現実には存在しない架空の事柄を、さも存在しているかのように真実味を交えて徹底的に説明することで笑いが生じることがある。

どういうことなのか、「タイタンの妖女」を例に以下、説明する。

【架空の現象①】
作中の随所に現れる「時間等曲率漏斗」という現象について、その原理を本文から引用すると、要するに、

<<この宇宙には、そこへいけばどっちのパパもむこうのパパがなにを話しているのかわかるような、そんな場所がいくつかある。いろいろなしゅるいの真理が、きみのパパの太陽時計の部品みたいに、ぴったり一つになっている。そんな場所のことを、クロノ・シンクラスティック・インファンディブラム(※注:時間等曲率漏斗)という。>>P.17

という原理である。
なるほど、と思った。

【架空の現象②】
ラムファードと愛犬カザックが実体化する原理について、P.283の内容を私なりに整理すると、要するに、

「土星は太陽を公転するから、らせん軌道が描かれ、この場合、ラムファードと愛犬は、実は波動現象だから、太陽とペテルギウス間にあるらせんの中で両者に扮したパルス信号が往復し続け、さらに、これと全く同じ波形のタイタンが”らせん“の軌道をさえぎるタイミングに限って、ラムファードと愛犬は上手いことやってタイタンの上に実体化して出現する」

という原理である。
そら実体化するわ、と思った。

【架空の宗教について】
ラムファードが主催する <<徹底的に無関心な神の教会>> という宗教の指針は、

<<人びとをいつくしめ、そうすれば全能の神はご自分をいつくしまれる>>P.193

ということらしい。
蓋し、金言である。

【架空の科学技術について】
「シュリーマン呼吸法」とは、

<<真空あるいは有害大気内で、ヘルメットないしは他の荷厄介な呼吸器具を用いずに、人間を生存させる技術>>P.159 のことで、「ヒョウロク玉」を服用すると、<<血流はこの酸素を、肺をつうじてではなく、小腸壁をつうじて呼吸する>>

とあり、宇宙だけど小腸呼吸すればセーフというのは、なかなかどうして理に適っているではないか。

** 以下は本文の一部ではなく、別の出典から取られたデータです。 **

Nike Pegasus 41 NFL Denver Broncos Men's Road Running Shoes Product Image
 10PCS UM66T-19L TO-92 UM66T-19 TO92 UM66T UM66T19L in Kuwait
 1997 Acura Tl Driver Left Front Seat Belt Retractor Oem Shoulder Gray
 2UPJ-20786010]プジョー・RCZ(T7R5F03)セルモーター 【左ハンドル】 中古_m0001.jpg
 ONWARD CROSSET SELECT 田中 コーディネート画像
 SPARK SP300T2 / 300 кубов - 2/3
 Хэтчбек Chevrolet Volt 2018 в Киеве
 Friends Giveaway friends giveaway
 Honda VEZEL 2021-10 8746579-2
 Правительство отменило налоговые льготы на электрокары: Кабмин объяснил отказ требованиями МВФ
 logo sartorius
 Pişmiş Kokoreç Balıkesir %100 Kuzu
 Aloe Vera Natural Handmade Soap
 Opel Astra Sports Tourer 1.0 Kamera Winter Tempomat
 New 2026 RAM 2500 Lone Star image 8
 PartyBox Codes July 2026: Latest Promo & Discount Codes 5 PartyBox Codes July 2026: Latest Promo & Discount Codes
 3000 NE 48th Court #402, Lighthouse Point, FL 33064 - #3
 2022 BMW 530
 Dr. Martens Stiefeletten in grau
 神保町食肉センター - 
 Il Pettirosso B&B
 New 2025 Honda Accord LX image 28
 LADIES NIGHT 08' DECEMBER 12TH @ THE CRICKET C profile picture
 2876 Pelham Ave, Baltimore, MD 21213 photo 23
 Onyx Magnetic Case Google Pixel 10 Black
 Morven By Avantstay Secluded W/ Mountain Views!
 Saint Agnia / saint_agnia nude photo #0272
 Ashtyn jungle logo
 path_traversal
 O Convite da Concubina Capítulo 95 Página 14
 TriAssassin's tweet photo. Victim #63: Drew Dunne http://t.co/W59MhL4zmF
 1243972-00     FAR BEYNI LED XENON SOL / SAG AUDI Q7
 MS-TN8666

このように、生真面目かつ強引な理屈というものは、あまりの馬鹿馬鹿しさに笑えてくることがある。
いずれにしても、本書はヴォネガットによる壮大なスケールの宴会芸だと考えて差し支えはない。

といったことを考えながら、大戸屋という飲食チェーン店で「チキン母さん煮定食」という品を注文したところ、臆病な母親を煮込んだものが提供された。